I am going to be installing 10" wide pine in an old house. The customer is looking for an old look and has suggested exposed flooring nails. What happens when the nail heads are sanded? Don’t they get shiny and look brand new? If I put the nails in after sanding, how do I keep elephant feet from showing?


----------



## drunkrussian (Nov 9, 2005)

Yep, if you sand them they get shiny. Are you using new pine, or reclaimed pine? If it's new pine he can just live with shiny nails, and they will age with the floor. 

Other idea I have is that if its just for looks, expose the head after they have been sanded, to (I think this is right) vinager and water? It's something and water and it will tarnish the nail. I've seen a few deck builders do something like this to make them look aged.

And finally. I am taking a ton of old nails out of a ton of heart pine. They are old, and I have no use for them, so maybe you would like them. You could start them with a normal hammer, and finish them with a nail set?


----------



## Big Dave (Feb 23, 2006)

When I have had to face nail I have used a decorative hand cut nail and leave the head above the floor. It looks rustic but you have to get the homeowner to agree to using them. Drive them in after the floor is finished.

Dave.


----------



## Donedat (Aug 13, 2005)

Big Dave said:


> When I have had to face nail I have used a decorative hand cut nail and leave the head above the floor. It looks rustic but you have to get the homeowner to agree to using them. Drive them in after the floor is finished.
> 
> Dave.


Isn't that the look the customer wants when he asks for exposed nails with 10" White Pine?


----------



## Bob H (Nov 9, 2004)

Thanks for your time and suggestions. The blind nails are holding well enough for sanding. We will come back after sanding and put in the face nails before finishing.


----------



## ncor (Feb 28, 2005)

did a west coat rehab w/ 2 1/8th" face nail pine on 2 levels took 2 guys 2 full days to set and fill all those nails. with out a serious state of zen i'd no doubt gone bonkers. got-a-love that t&m charge


----------



## Teetorbilt (Feb 12, 2004)

How about screws and plugs? Cut nails were often used too, very similar to today's 'cut' nails for concrete. Sink them with the long side with the grain.

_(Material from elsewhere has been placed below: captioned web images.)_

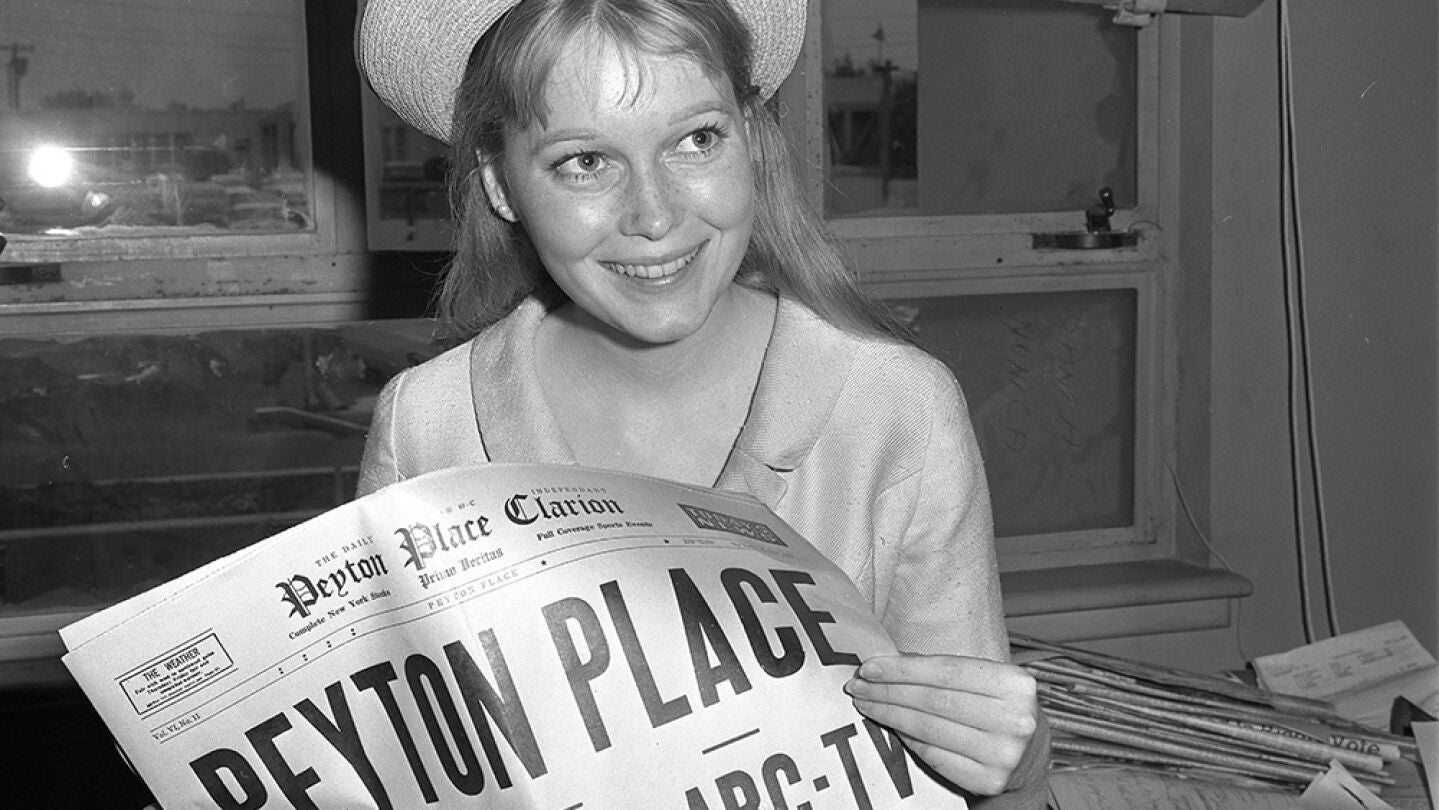 Mia Farrow, protagonista en una de las adaptaciones de Peyton Place para televisi&oacute;n en 1964. 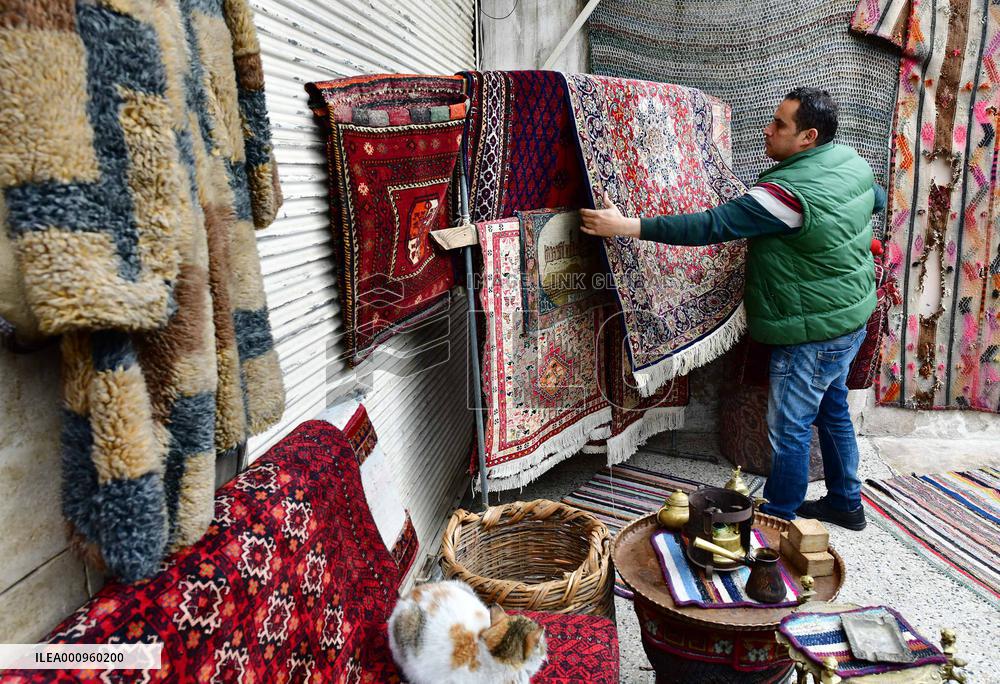 SYRIA-ALEPPO-CARPET REPAIR
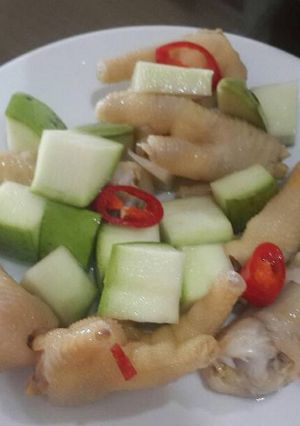 Hình của món Chân gà ngâm xoài xanh.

If you plan to use steel nails and a waterbased finish, sink them below your finished floor. A) nail heads will make quick work out of your belts and B) the iron will drag out into the wood fibers and make rust streaks.


----------



## adamsb (Aug 25, 2005)

is it getiing stain?


----------



## Donedat (Aug 13, 2005)

Bob H said:


> Thanks for your time and suggestions. The blind nails are holding well enough for sanding. We will come back after sanding and put in the face nails before finishing.


Ok. Now, make sure your customer knows that when you go back to do the face nails, it make suck the floor down in spots and make the floor uneven. This just goes with the look. It may not happen, but just in case it does they are well informed and expecting it.

On the bright side, the floor won't squeak.


----------